During the last 10 years I have done so many things that it is quite difficult to figure out the most important moments of these 10 years of work. I have created thousands and thousands of 3D files, of which several hundred have turned into real products. We have had countless exhibitions, publications, awards and all other kinds of media attention all over the world. Nevertheless, I feel we have only been doing some groundwork and preparing ourselves for a big accelaration, which is bound to happen to the industry we have been in the forefront of creating. Many of the products have been selected for permanent museum collections around the world, such as the MOMA in New York, and we have already sold products and projects in over 25 countries. Over the last 10 years I have saved every single personal business contact, which now number over twenty thousand, and it is rewarding to see the ever increasing numbers of people and companies whose interest grows in these technologies that we have helped to develop and commercialize.

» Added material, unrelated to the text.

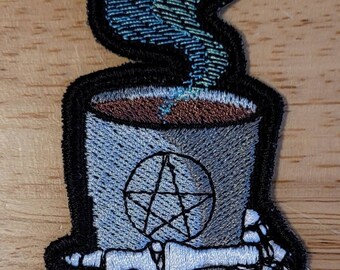 Skeleton coffee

I would like to steal this portion of our website to thank all the people who have helped us to make this a success. I especially want to thank my business partners, who had the faith to look beyond their comfort zone and step into the unknown. I also want to thank Jiri for founding FOC in Amsterdam together with me, at a time when we for sure were too early with this. Regardless of the very idealistic dream we all share at FOC, we realized very early on that there were countless companies who shared our vision of the future and many of them we have ended up working together with, collaborated one way or the other or just have become friends in this fabulous creative world. Each day is becoming ever more busy and we are proud and thankful for the hundreds of emails and calls we receive each day. Thank you all for your support of our dream and contributing to our success and a future, full of Freedom Of Creation.
Below are some of the memorable moments from the last decade in random order and timelines.”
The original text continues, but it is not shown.